While Thomas expressed a desire to “reconsider all of this Court’s substantive due process precedents,” including Obergefell, he thought the court should determine whether “other constitutional provisions guarantee the myriad rights that our substantive due process cases have generated.” At the same time, he agreed with the majority opinion in Dobbs’ declaration that “nothing in this opinion should be understood to cast doubt on precedents that do not concern abortion.”
The Respect for Marriage Act now awaits action in the Senate, where most legislation requires 60 votes to pass. In order for the bill to become law, it would need to secure the support of all 50 Senate Democrats and at least 10 Republican senators. So far, at least five Senate Republicans have indicated that they are likely or certain to support the bill.
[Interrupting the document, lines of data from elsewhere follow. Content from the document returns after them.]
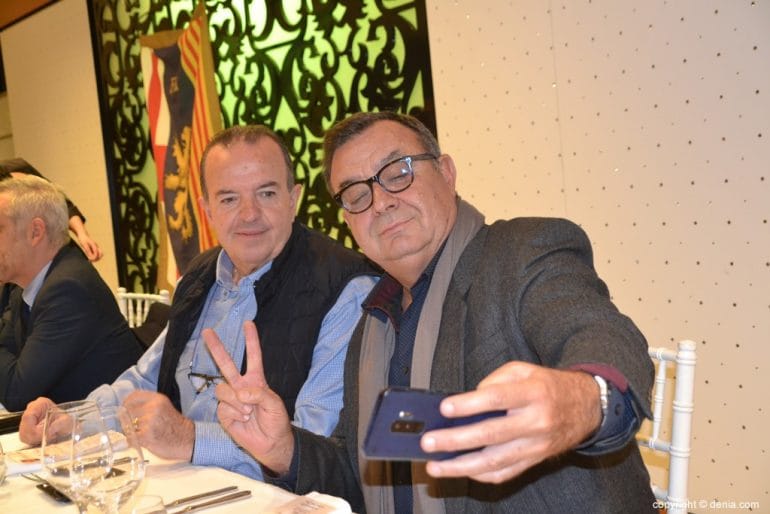 Presentación Capitanía Almogàvers 2019 - Selfie Sant Roc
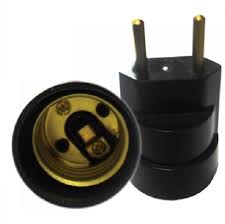 SOQUETE BOCAL 2P PT FOXLUX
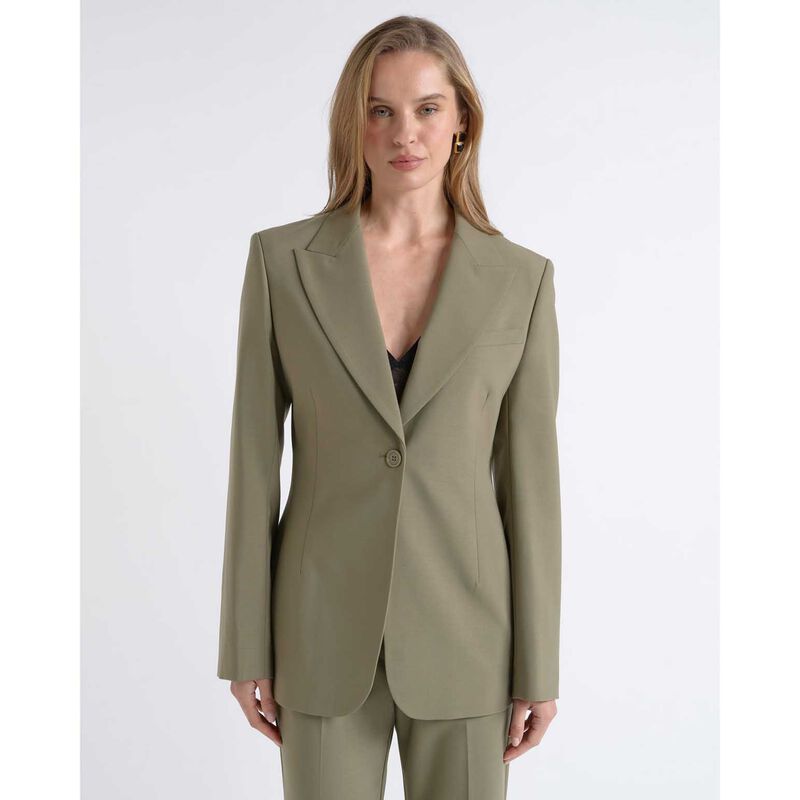Cue Single Breasted Slim Fit Blazer image number 7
Sen. Susan Collins, R-Maine, serves as a sponsor of the legislation and released a statement in support of the measure when it was first introduced. “This bill is another step to promote equality, prevent discrimination, and protect the rights of all Americans,” she said.
Sen. Lisa Murkowski, R-Alaska, told CNN’s Manu Raju that “Not only would I like to see Roe, Casey and Griswold on contraception codified but I have also made clear my support for gay marriage years ago.” She vowed to “look at what the House is doing and see what that might mean here on the Senate side.” In brief remarks to Raju, Sen. Thom Tillis, R-N.C., said he “probably will” support the bill.
Raju identified Sen. Rob Portman, R-Ohio, as a “backer of [the] same-sex marriage bill” in a tweet Thursday. Sen. Ron Johnson, R-Wis., explained to the Milwaukee Journal Sentinel that “Even though I feel the Respect for Marriage Act is unnecessary, should it come before the Senate, I see no reason to oppose it.”
Several Republican senators remain undecided on the bill but a handful have explicitly come out in opposition to it. Sen. Bill Cassidy, R-La., called it a “silly messaging bill” while speaking to Raju. At the same time, the CNN correspondent listed Sen. Lindsey Graham, R-S.C., and Sen. Marco Rubio, R-Fla., as confirmed “Nos” on the Respect for Marriage Act.
Sens. John Cornyn and Ted Cruz of Texas, along with Sen. Josh Hawley, R-Mo., Sen. James Inhofe, R-Okla., and Sen. Roger Wicker, R-Miss., responded to CNN’s inquiries about their position on the bill by characterizing themselves as probable or definite “Nos.”
The sizable amount of Republican support for the Respect for Marriage Act in the House and the noncommittal responses by many Republicans about their intentions on whether or not to vote for the bill does not sit well with Tony Perkins, president of the socially conservative think-tank Family Research Council.
In an op-ed for The Christian Post, Perkins warned that support for the Respect for Marriage Act could “eat into the margins the GOP needs in November,” referring to the upcoming midterm elections.
“We have a Republican Party willing to go to the mat for sports but seemingly unwilling to stand up for an institution whose redefinition has ignited a firestorm of persecution in America — the same redefinition that’s at the bitter root of so many evils we’re fighting today in school classrooms, public libraries, [and] our daughters’ locker rooms,” he wrote.
Perkins maintained that “If Republicans want to stick their finger in the cultural winds to decide where they stand on timeless truths, then they are throwing away everything the American people have come to respect about today’s party — their courage, their common sense, their conviction.”
Data collected by Public Religion Research Institute in 2021 revealed that 68% of Americans support same-sex marriage. Majorities oppose same-sex marriage in Mississippi (55%) and Arkansas (52%) while only a plurality (49%) support it in Alabama.
The Democrat-controlled House has also approved the Right to Contraception Act, which would codify the 1965 Supreme Court decision Griswold v. Connecticut finding a right to contraception into law. Griswold was another “substantive due process” case singled out by Thomas for possible reconsideration. The Right to Contraception Act received only eight votes from Republicans, significantly fewer than the Respect for Marriage Act.